8.01.2009

Lucene - Lessons Learned

Over the last 3 years I have kind of taken the role at work as the Lucene expert. Any enhancements that require search components either come to me directly, or the developer on the project is told to run their ideas by me or chat with me about the project as a bare minimum. This has proven to be a very valuable role in my career and as such has given me the opportunity to lead my team on other experimental projects and concepts with things like JMX, JMS, Security, etc.

As great of a product as Apache Lucene is, it simply amazes me how a product that has been around for so long, and that is used by so many people around the world, has so little documentation. Googling lucene issues will often answer your questions, but rarely do I find the answer to a question I have on any sites that are directly associated with Lucene.

That being said, most of what I know about Lucene has been learned by trial and error, and looking at the source. Last week I was tasked with increasing the relevancy of our search results on some of the search components that I had developed. I was going to be experimenting with boosting score for matches in particular fields and also tuning the fuzzy search to provide as accurate results as could be obtained without completely rewriting the data that backed the search.

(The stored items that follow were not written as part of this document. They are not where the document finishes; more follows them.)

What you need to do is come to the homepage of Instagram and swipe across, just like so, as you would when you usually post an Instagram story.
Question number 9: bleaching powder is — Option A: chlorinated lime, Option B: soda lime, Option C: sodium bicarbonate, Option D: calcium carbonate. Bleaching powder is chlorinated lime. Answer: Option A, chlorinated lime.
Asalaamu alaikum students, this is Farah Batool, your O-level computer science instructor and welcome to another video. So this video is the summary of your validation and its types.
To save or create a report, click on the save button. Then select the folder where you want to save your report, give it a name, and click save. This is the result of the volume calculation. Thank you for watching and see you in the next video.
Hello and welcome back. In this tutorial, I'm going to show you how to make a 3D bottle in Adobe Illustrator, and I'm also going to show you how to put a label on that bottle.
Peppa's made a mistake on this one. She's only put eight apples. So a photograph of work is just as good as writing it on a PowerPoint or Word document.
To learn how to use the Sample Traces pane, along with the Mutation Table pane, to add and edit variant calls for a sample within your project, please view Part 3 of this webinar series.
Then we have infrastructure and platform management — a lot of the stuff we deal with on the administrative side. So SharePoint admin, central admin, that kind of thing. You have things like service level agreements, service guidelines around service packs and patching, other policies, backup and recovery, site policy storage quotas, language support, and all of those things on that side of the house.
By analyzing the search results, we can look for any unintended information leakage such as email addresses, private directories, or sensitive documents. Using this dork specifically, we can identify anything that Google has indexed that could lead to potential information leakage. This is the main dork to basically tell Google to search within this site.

Enter the Lucene QueryParser - a mysterious and from what I can gather, not very well understood but extremely powerful tool in the Lucene framework. The QueryParser takes a 'google-style' text query and turns it into a Query object that can be used to search your index. For example, the following string:

name:Chris and name:Schmidt

Would be turned into a Query containing 2 BooleanQuery objects. There are some modifiers that can be added to queries to alter the way that Lucene builds the query objects and this adds a great amout of flexibility to simple searches.

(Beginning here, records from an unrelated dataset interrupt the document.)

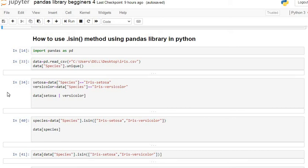Welcome all of you to my YouTube channel Statistics and Data Science. This is Rishikesh Kadam, and in this tutorial we are going to see how to use the isin() function of the pandas library in Python.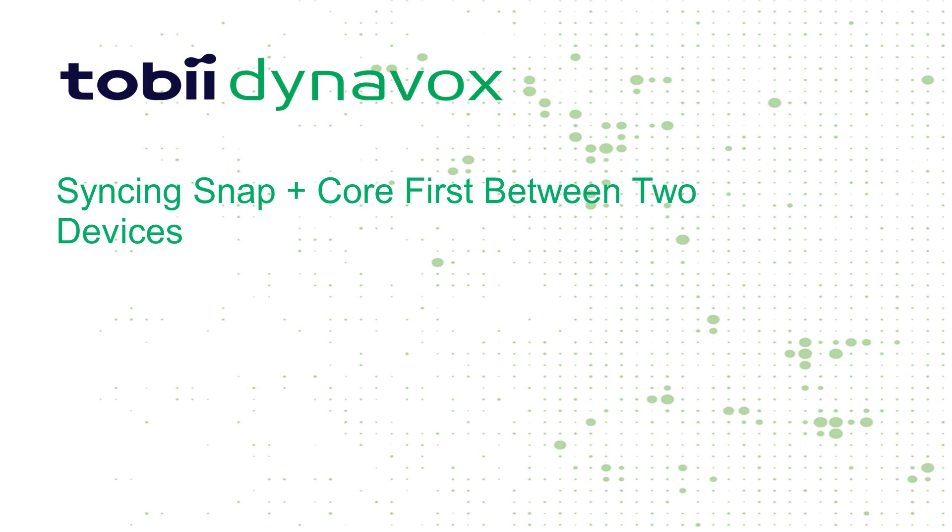Hello everyone, today I'm going to show you how to sync Snap Plus Core First across two different devices.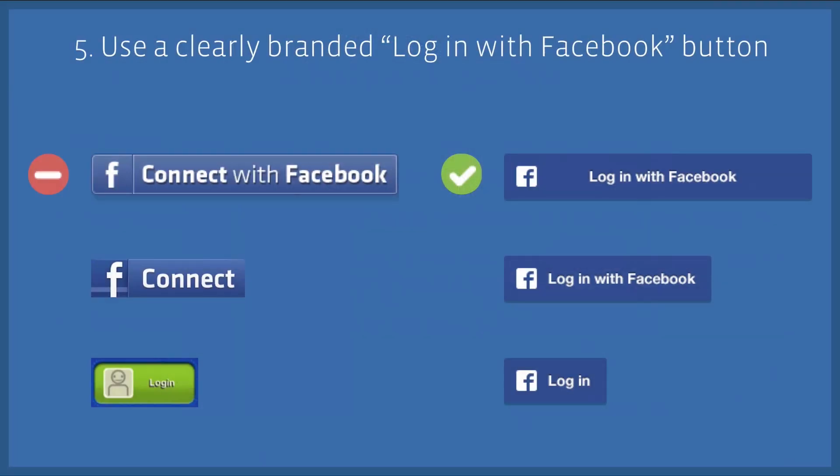Number five: make sure you use a clearly branded Login with Facebook button. When people see a clearly branded button, they know exactly what to expect. In contrast, even minor variations in wording or design could confuse or mislead your users. So make sure you use the clearly branded Login with Facebook button.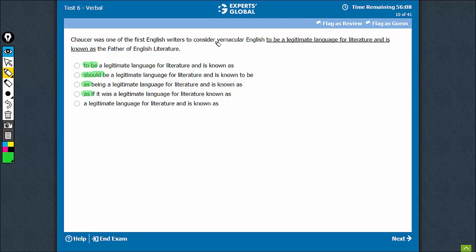So, Chaucer considered - he was the first to consider vernacular English a legitimate language. Directly, the noun should come. Nothing, no conjunction involved here. So, he is the best choice.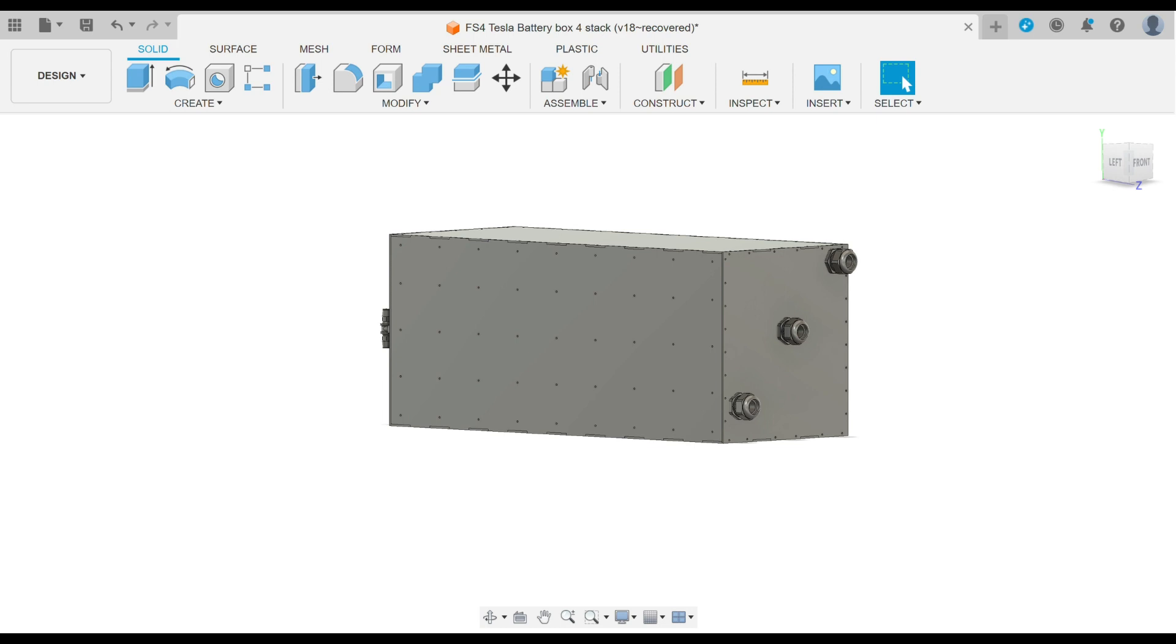So you could do an FS6 or an FS8. With each additional battery module, you do add some weight, but that might be the way to go for future builds. We'll see how it goes.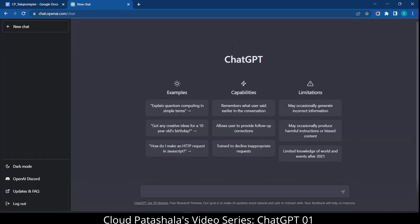And so this is the ChatGPT screen wherein we could initiate our interaction with AI to get answers to complex queries and questions that we have.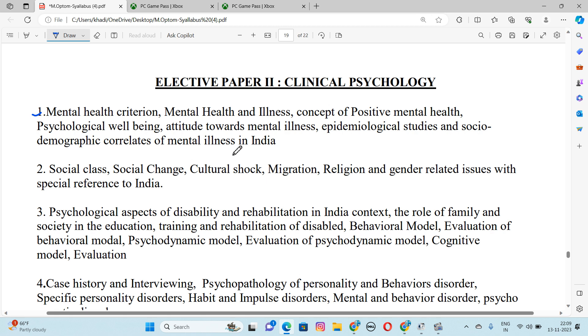Number 2 is Social Class, Social Change, Cultural Shock, Migration, Religion and Gender Related Issues with Special References to India.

The first one that I will be talking about is the Boost modifier (^). This allows you to specify that for matches found in a particular field, the relevancy should be boosted by a factor of X (or some derivitave therein, since rarely have I seen the boost that I specify as the actual boost applied to the score). To expand on the above example:

name:Chris^1.5 name:Schmidt

This interprets to the same query as above, with the exception that if 10 Schmidts are found, Chris would be the most relevant Schmidt that I am searching for, so if there is a Chris Schmidy result, he should be moved up in relevancy by a factor of 1.5. This can be a pretty handy tool, but it is extremely easy to overdo it on the boosting which can completely destroy the relevancy of your results. A good rule of thumb is to start by boosting the field that you think will apply as the most relevant for the context of the search being performed and boost it in small increments only. a boost of 1.5 may not seem like much until you see how it actually affects your results.

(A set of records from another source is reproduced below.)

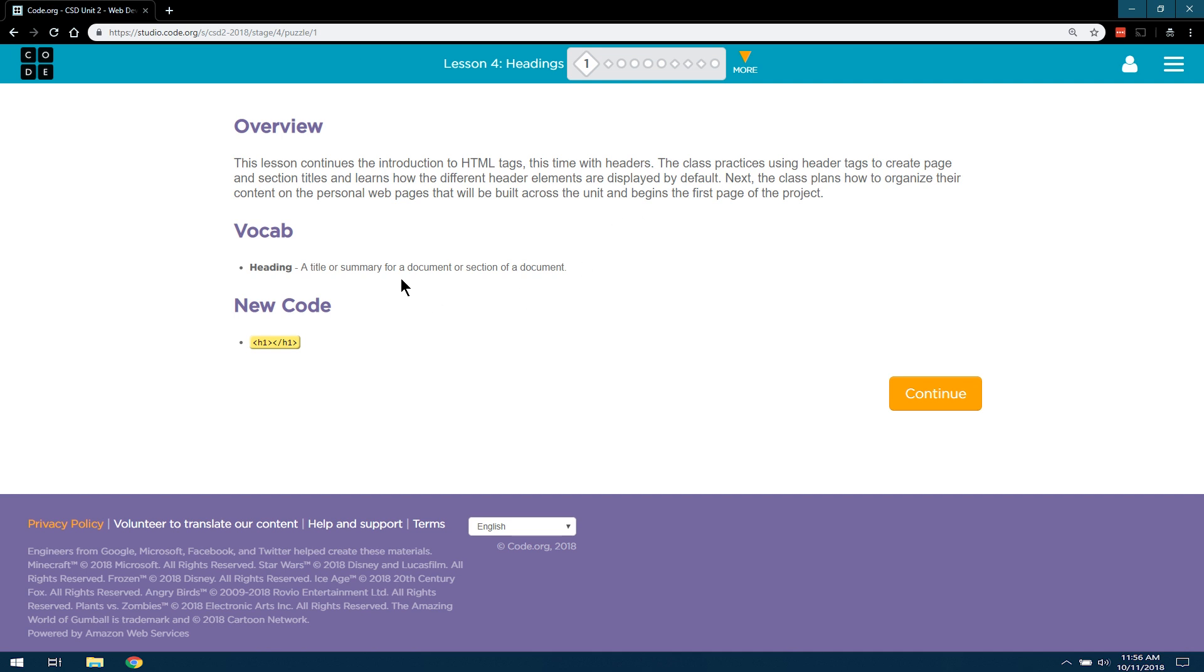Vocab. Heading. A title or summary for a document or a section of a document, such as vocab or overview.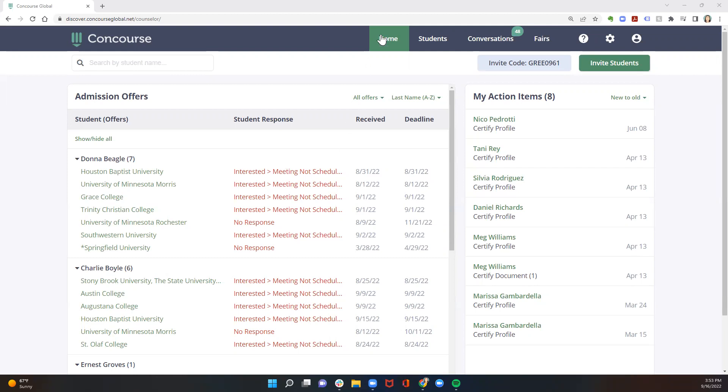When you log in from your home screen, you'll be able to see an overview of all of your students and the acceptances that they've received. The best way you're able to support your students as they're receiving acceptances through Greenlight Match is to monitor the student responses.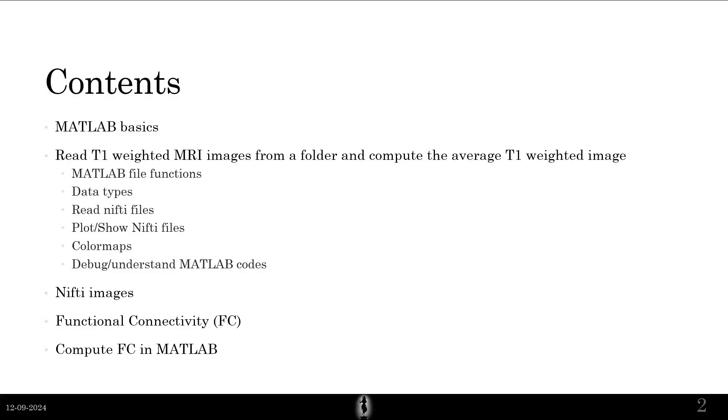I'm going to cover these things. We will start with some MATLAB basics. I know you guys know MATLAB, but just a refresher, a very quick one. We'll read some T1 weighted MRI images from a folder and compute the average T1 weighted image from that.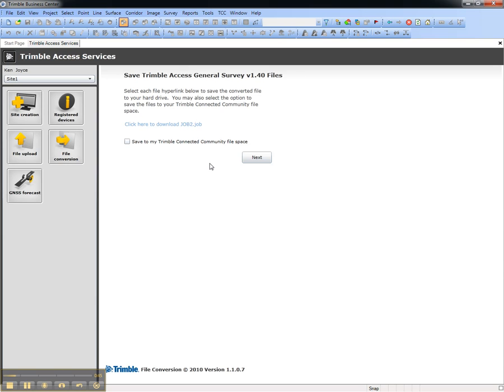The service converts the file, and now you have the option to download it or to save it to a Trimble Connected Community Filespace to send directly to the field.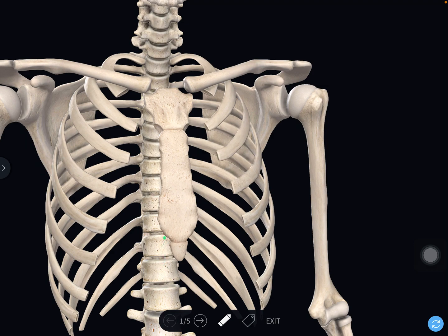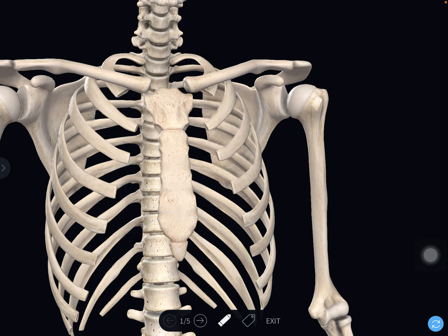The outlet is bounded behind by the body of the 12th vertebra, at the sides by the 11th and 12th ribs, and in front by the 7th, 8th, and 9th costal cartilages, which form the costal margin, forming an infrasternal angle. The outlet is closed in the living by the diaphragm, which forms the floor of the thorax and is the partition between the thorax and the abdomen.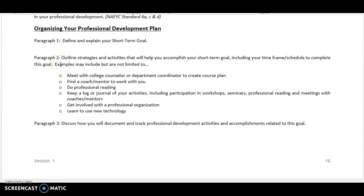Some examples of strategies you might include — though not limited to these — to help you attain your short-term goal: meet with a college counselor or department coordinator to create a course plan, find a coach or mentor to work with you, do professional readings, keep a log or journal of activities including your participation in workshops, seminars, professional reading, and meetings with coaches and mentors, get involved with a professional organization, or learn to use new technology.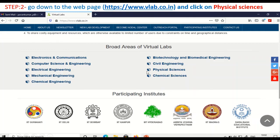So now you can click on any of these. For example, I am clicking on physical sciences. If you observe carefully, you can see IIT Guwahati, IIT Delhi, IIT Bombay — these are all the participating institutes in this initiative. You can learn more through online, especially from this website.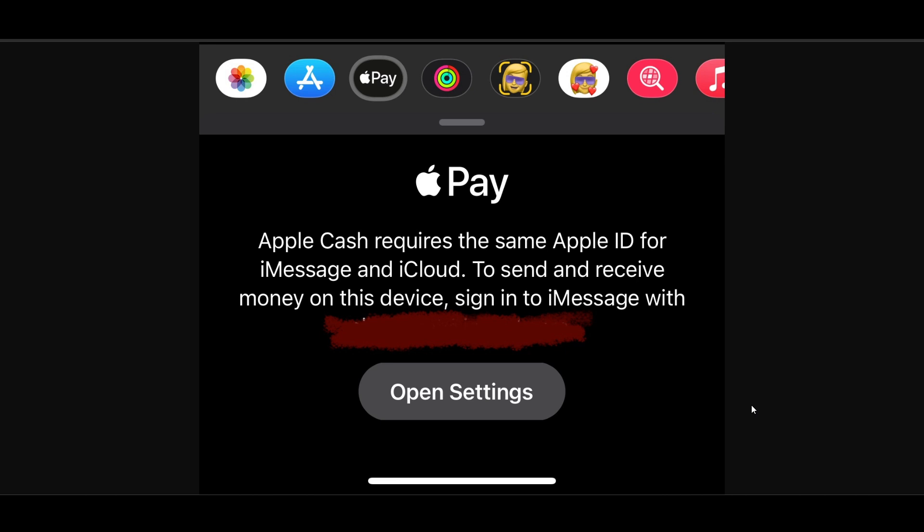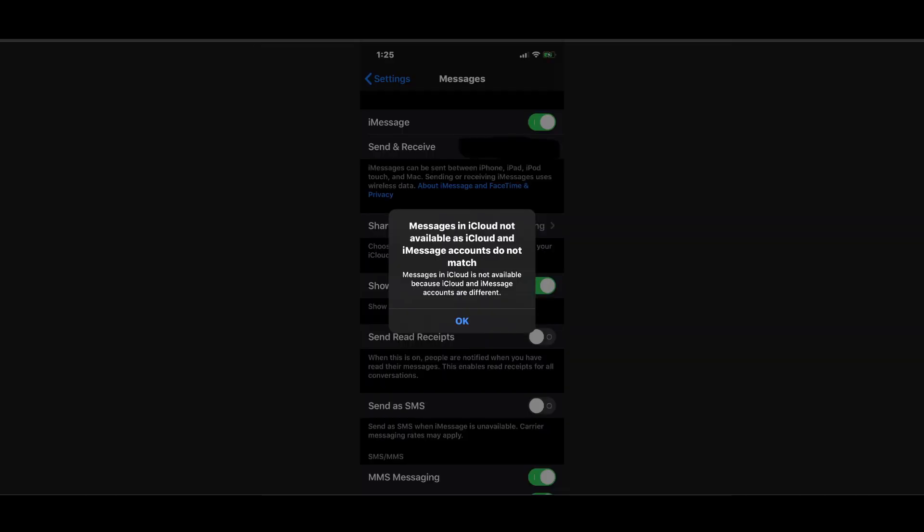Sign out of your Apple ID from both your iMessage and iCloud. To do this, go to your Settings, tap on your name, scroll down and select Sign Out. After the sign out, restart your device, then sign back in.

Another good rule of thumb with boosts, is to apply them to things that will be exact keyword matches, applying boost to a fuzzy search will greatly reduce the relevancy of the results you are returning.

Now let's move on to the next modifier, the fuzzy search (~) modifier. This is another one that if used incorrectly can greatly reduce the relevancy of the results that a query returns, and a side effect of using fuzzy searches is that it will return exponentially more results that a standard keyword search will. The fuzzy search uses the Levenshtein Edit Distance Algorythm to calculate what a user actually meant to search for when they fat=finger or mispell a search term.

If you are unfamiliar with the Levenshtein Edit Distance concept, it is a basically a mathematical formula to calculate the # of edits that would need to be applied to a word to transform it into another word. This is a very popular algorythm used by spell checkers and similar applications. An example would be:

C H R I S
C O O L

The edit distance between the 2 words presented above is 4.

To transform Chris into Cool the following edits would have to be made:
1. Change H -> O
2. Change R -> O
3. Change I -> L
4. Drop the S

Lucene usees this Algorythm to calculate word similarity. Although the implementation of this algorythm in Lucene is far more complex ( FuzzyTermEnum - Line 168 ) the basic's are that Lucene calculates the Edit distance between the two words, and divides the edit distance by the length of the shorter term which provides the similarity between the two words.

By default, the Fuzzy search will default to a value of 0.5 similarity as it's threshold but this has always seemed pretty aggressive for most fuzzy searches to me as it basically insinuates that half of the letters in the term can be different and it will consider this a match.

I generally have gone to starting with a baseline of 0.85 and incrementing or decrementing by 0.05 until I reach the sweet-spot where I am finding common mispellings of the terms that I am tuning for but not overdoing it. A good example of where overdoing a fuzzy search can be detrimental is at ServiceMagic where I work we index the names of Home Improvement tasks. There are 2 examples I can think of off the top of my head that have bit us with fuzzy searching.

SIDING
SHINGLE
SLIDE

PLUMBER
PLAYER (DVD)

As you can tell, the tasks that were matched with fuzzy searches have no contextual attachment to eachother. Someone who is looking to get new Siding on there house is probably not looking for someone to repair the roof on their house, or build a playground in the backyard. Along the same lines, someone who has a clogged drain is more than likely not looking for someone to help them install and configure their Blu-Ray DVD Player.

Both of these Modifiers are extremely powerful ways to make your search results great, but they both have drawbacks and when used incorrectly can ruin your results. There is another gotcha with Fuzzy searches that I want to cover quickly. I will probably go into more depth on this subject in a subsequent blog post, however, this bit me hard last week and I think it is worthwhile to share.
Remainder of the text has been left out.